__Assignment__.
Could the data below please be reproduced word for word, without the pictures?
------------------------------------------------------------------------
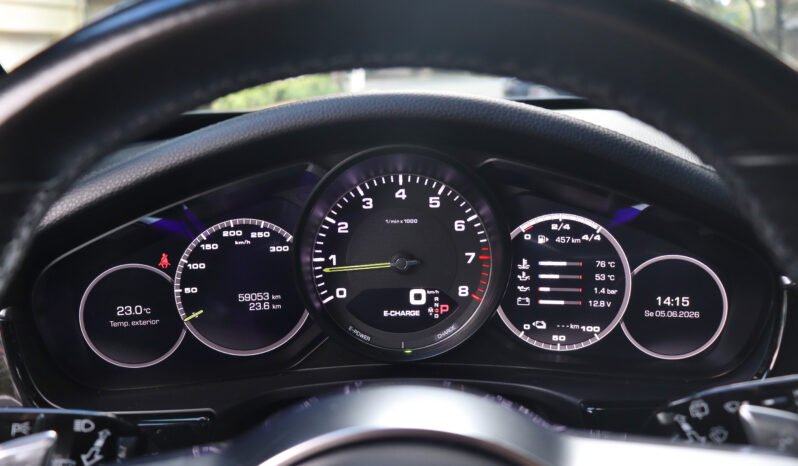 
								Porsche Panamera 4 E-Hybrid Sport Turismo full									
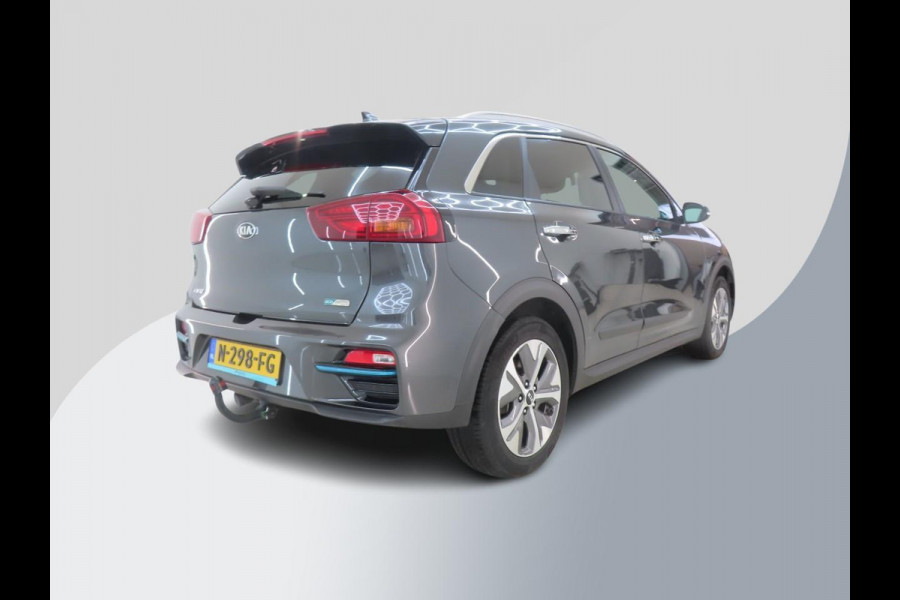 Kia e-Niro ExecutiveLine 64 kWh | SOH 99,3% | Leer |  Trekhaak | Navigatie | Schuif-Kantel Dak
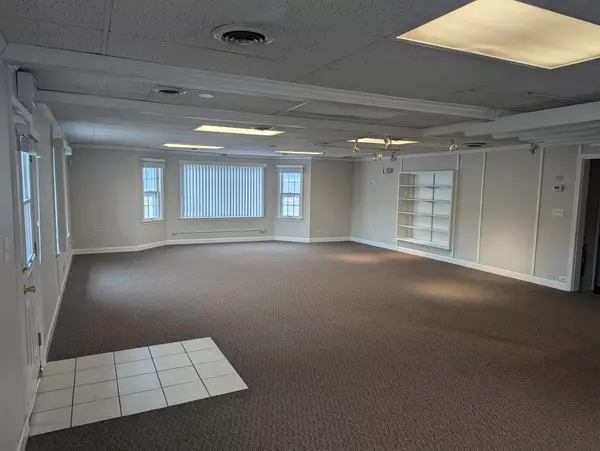 Palatine, IL 60067,225 N NORTHWEST HWY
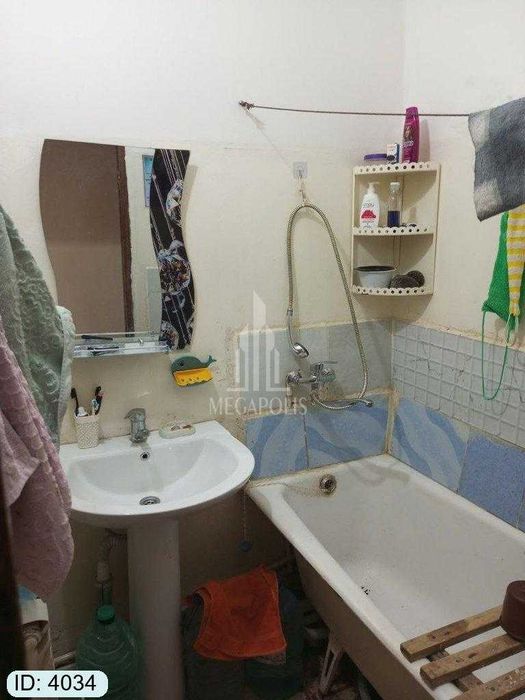 sharq 1 16 maktab tomonida 4 xonali uy sotiladi №4034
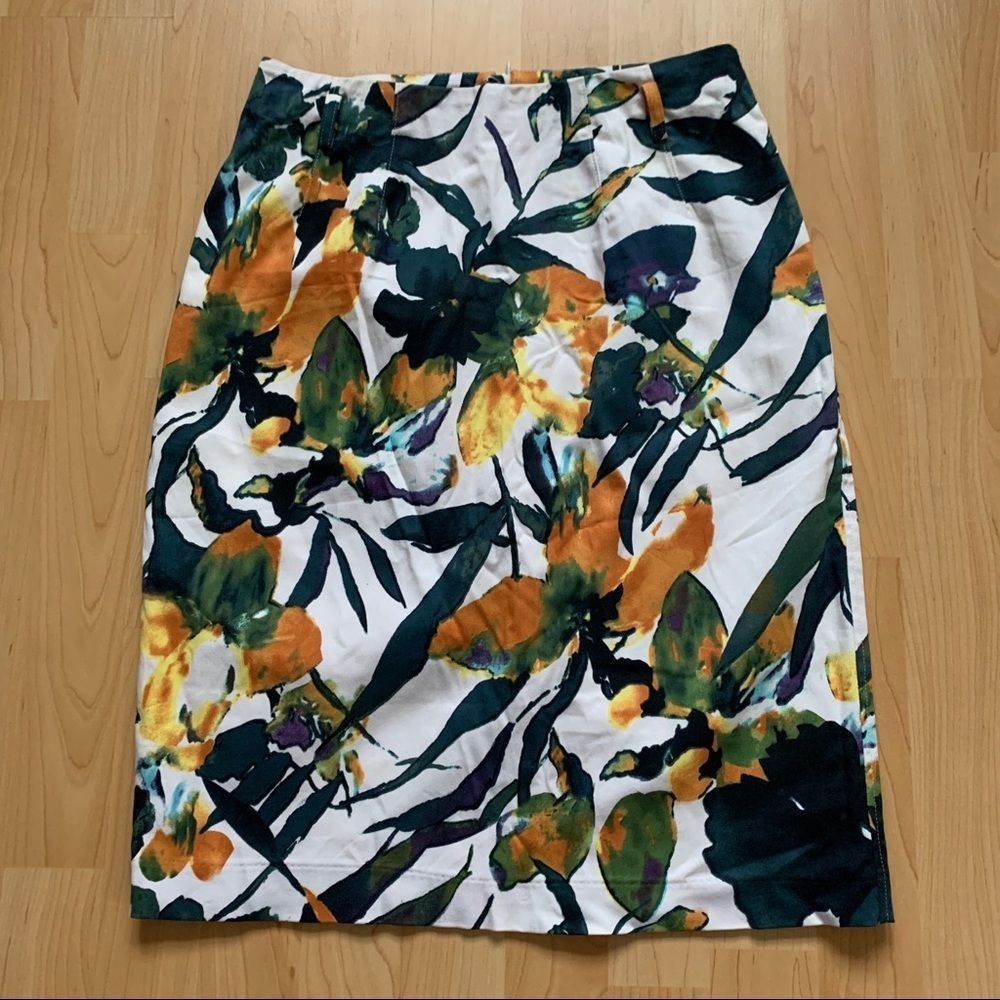 White Printed Linea Domani Skirt Size 6
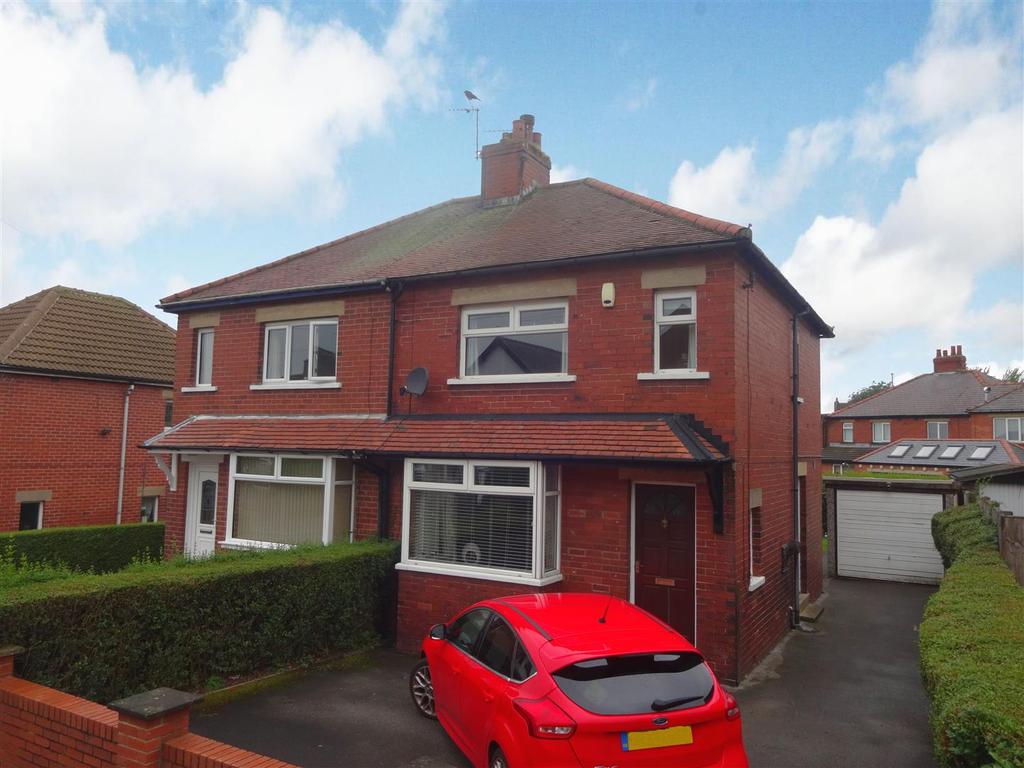 Moorlands Avenue, Yeadon, Leeds 3 bed semidetached house £775 pcm (£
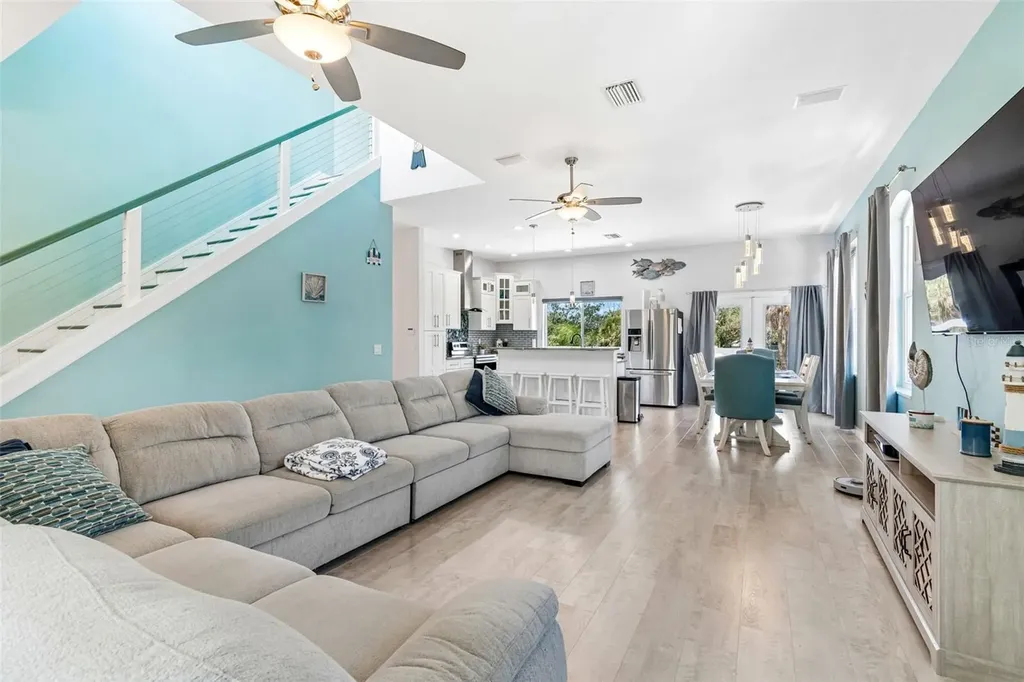 6121 Lafayette Street New Port Richey FL 34652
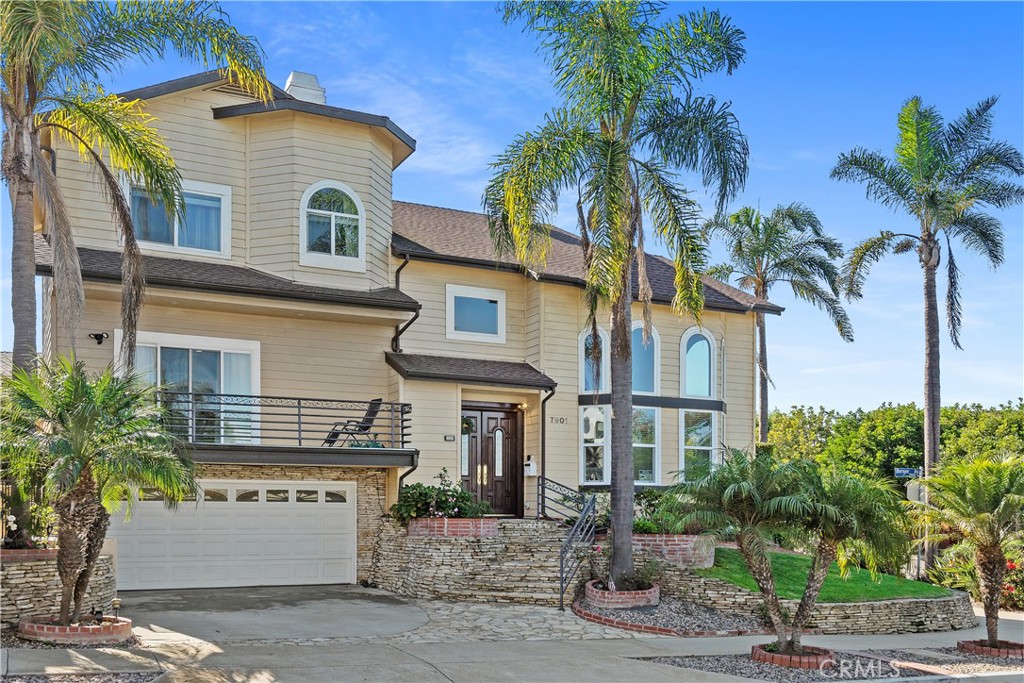 7901 Berger Avenue Playa del Rey, CA 90293 - Photo 3 of 67 a front view of a house with a yard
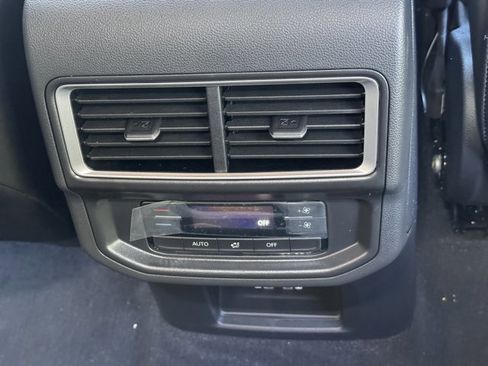 New 2026 Volkswagen Atlas SE image 20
------------------------------------------------------------------------
__Task solution__.
								Porsche Panamera 4 E-Hybrid Sport Turismo full									
 Kia e-Niro ExecutiveLine 64 kWh | SOH 99,3% | Leer |  Trekhaak | Navigatie | Schuif-Kantel Dak
 Palatine, IL 60067,225 N NORTHWEST HWY
 sharq 1 16 maktab tomonida 4 xonali uy sotiladi №4034
 White Printed Linea Domani Skirt Size 6
 Moorlands Avenue, Yeadon, Leeds 3 bed semidetached house £775 pcm (£
 6121 Lafayette Street New Port Richey FL 34652
 7901 Berger Avenue Playa del Rey, CA 90293 - Photo 3 of 67 a front view of a house with a yard
 New 2026 Volkswagen Atlas SE image 20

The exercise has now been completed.